Morgan Stanley report values Alphabet’s Waymo at $175 billion, $100 billion more than the previous estimate. Along with mind blowing valuation achieved in a short period of time, what’s interesting is the break-down of the valuation by the analyst Brian Nowak.
Nowak allocates potential $80 billion to autonomous taxi service of Waymo: “assuming Waymo charges consumers an average of ~$0.90/mile over the next 20 years and reaches ~4% of global miles traveled ex China and ROW by 2040 — shows how it could be worth ~$80 billion. This assumes a potentially conservative 12% long-term margin.”
Another $90 billion is allocated to logistics business — Waymo already has partnerships with Walmart, Peterbilt and DDR Corp, placing it in a logistic competition with Amazon. Nowak assumes Waymo’s logistics revenue will reach approximately $330 billion by 2040, 8% of global freight market.
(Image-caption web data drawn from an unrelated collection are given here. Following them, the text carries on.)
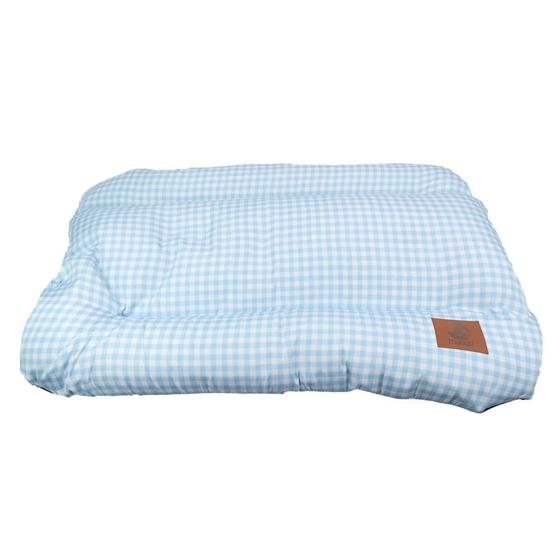 Imagem de Caminha Pra Shitzu Cama Pra Cachorro Medio - Vichy Azul - Tamanho M 70X50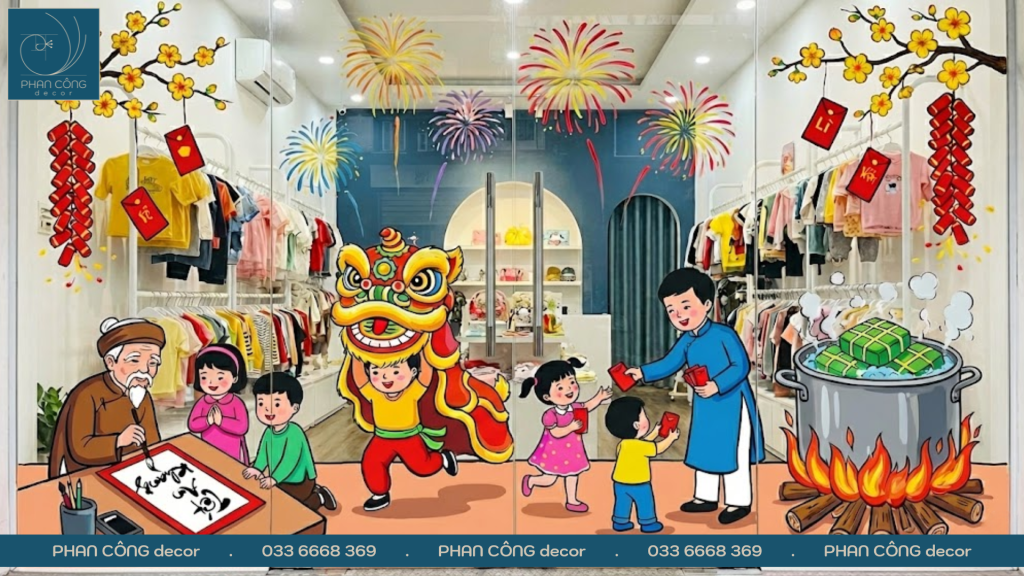 Mẫu tranh kính Tết Gia Đình sum vầy bên Bánh Chưng Xanh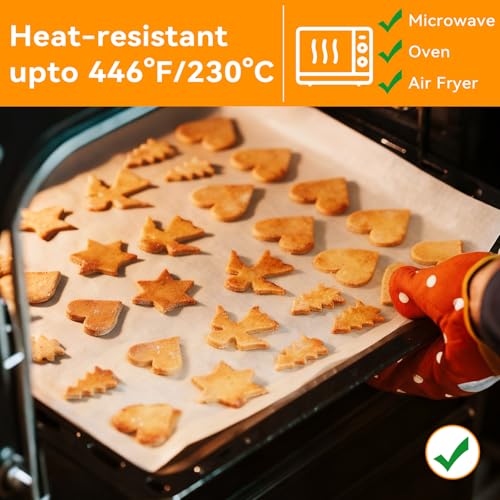 100pcs 9x13 inch Unbleached Parchment Paper Sheets for baking, Precut Heavy Duty Parchment Paper for Quarter Sheet Pans, Brown Non-Stick Liners for Oven, cookie sheets, Air Fryer Liners - size: 9x13inch-100pcs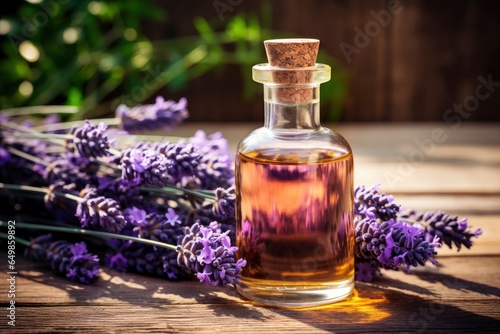 A bottle of lavender oil and a bunch of fresh lavender flowers created with Generative AI technology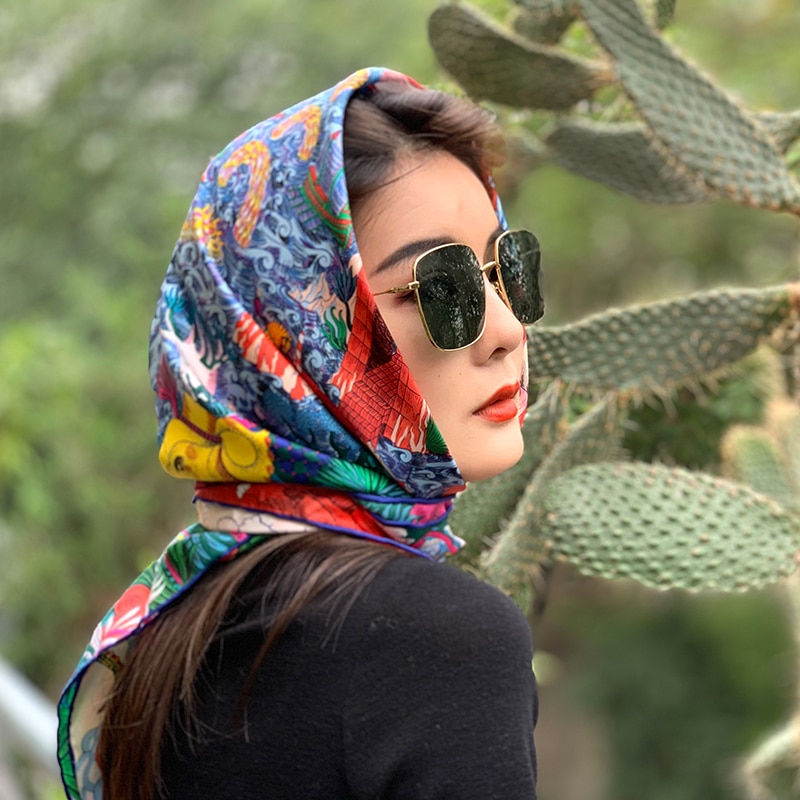 Moderna bufanda de seda con estampado de chal, Fular, Hijab para mujer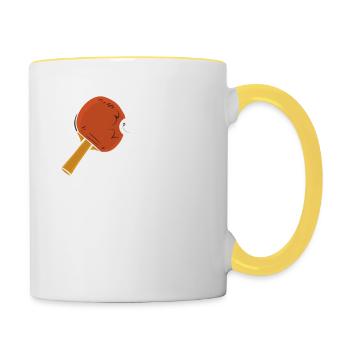 Tischtennis zweideutiger Spruch Noppen Schläger - Tasse zweifarbig - Weiß/Gelb - Rechts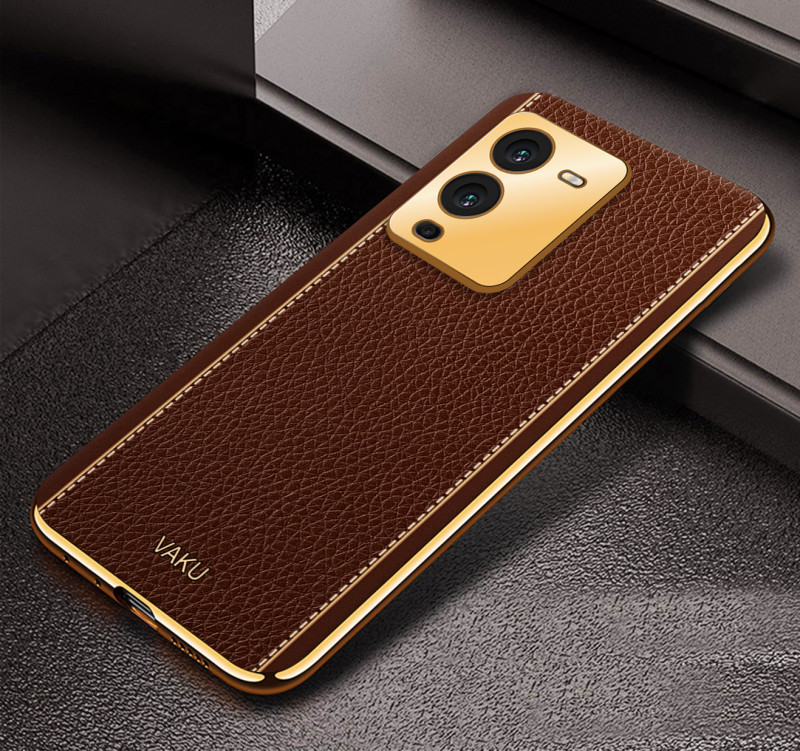 Vaku ® Vivo V25 Pro Luxemberg Leather Pattern Gold Electroplated Soft TPU Back Cover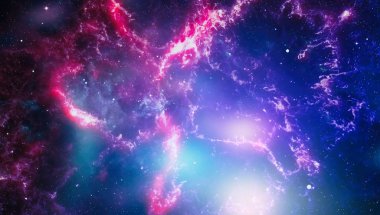 Fütürist soyut alan arkaplanı. Yıldızlı ve nebulalı gece gökyüzü. Bu görüntünün elementleri NASA tarafından desteklenmektedir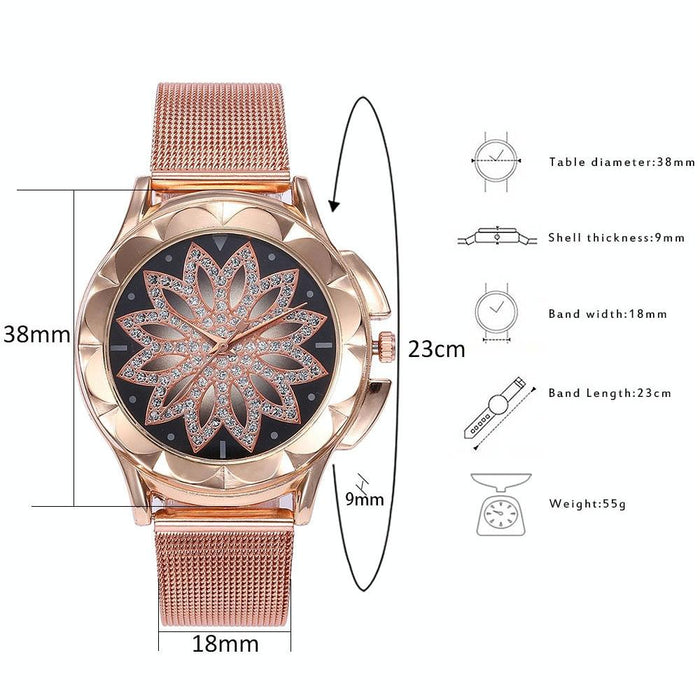 Women Fashion Flower With Rhinestone Mesh Belt Alloy Bracelet Quartz Watch Rose Gold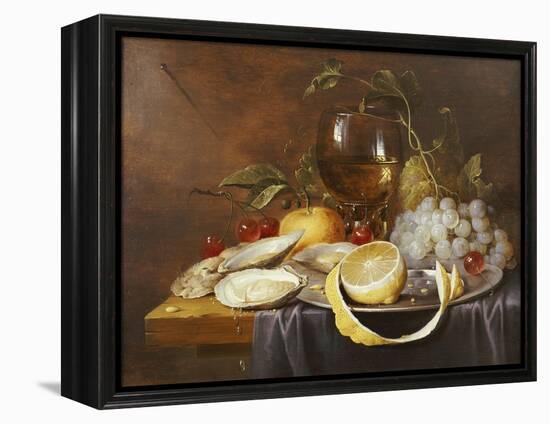 A Roemer, a Peeled Half Lemon on a Pewter Plate, Oysters, Cherries and an Orange on a Draped Table-Joris van Son-Framed Premier Image Canvas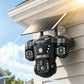 ☀️ Soldriven övervakningskamera med tre objektiv och 360° vy – bevakning dag och natt för trädgård, uppfart och garage 🏠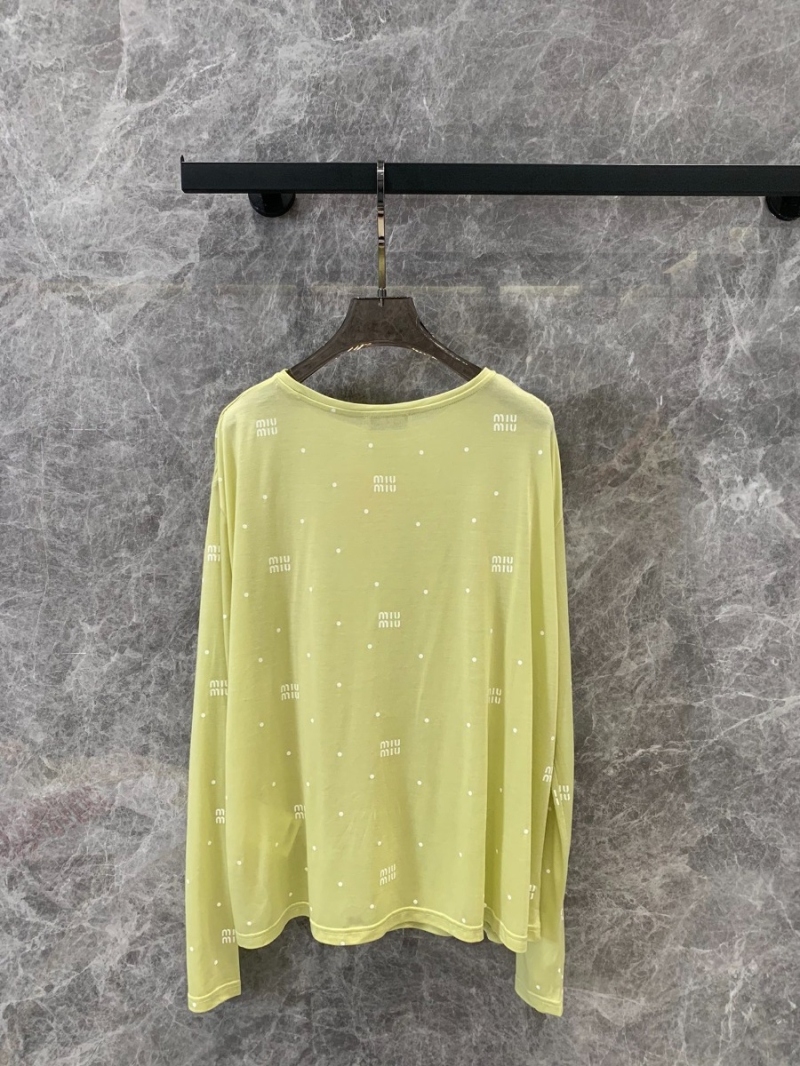 Miu Miu 25SS Spring/Summer New Collection Lightweight Logo Polka Dot Print Sunscreen Long Sleeve T-Shirt - Yellow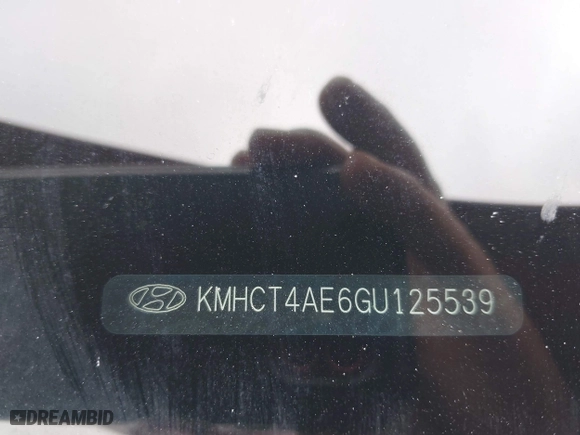 2016 Hyundai Accent SE with VIN KMHCT4AE6GU125539, listed as a IAAI auction lot 41906648 with 100,323 mi miles. Bid and sale history available at carsss.com. Image 9.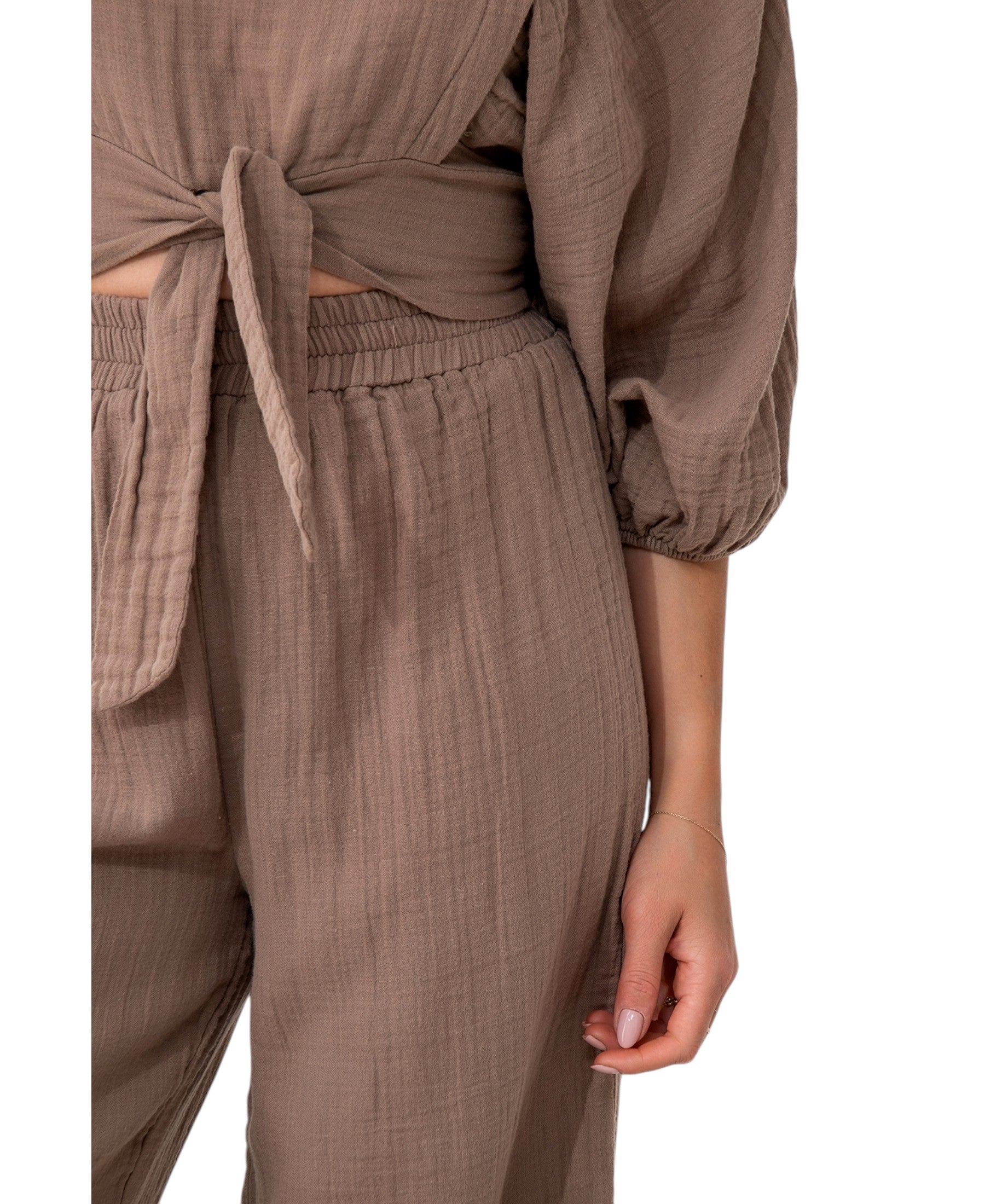 Crop-Top Set Damen Musselin-Zweiteiler mit Hose, Wickel-Top & V-Ausschnitt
Nowak values Waymo’s licensing opportunities at $7 billion — based on Fiat Chrysler’s example, Morgan Stanley assumes that similar licensing deals will bring Waymo more revenue in the future.
Independent analyst Richard Rowson writes about the challenges facing Mobility as a Service industry. MaaS is often seen as a solution to most urban transportation challenges, however Rowson underlines some cracks in this assumption.
Rowson writes about personalization of transportation and complexity of transport choices — like many others, transport choices are not completely rational and along with time and cost, people tend to take other factors into account. The author also talks about dangers of relying just on case studies when planning MaaS rollout, as culture and structure of various cities differs from each other significantly.
Rowson also mentions several other challenges such as infrastructure, imbalance of supply and demand and thin margins.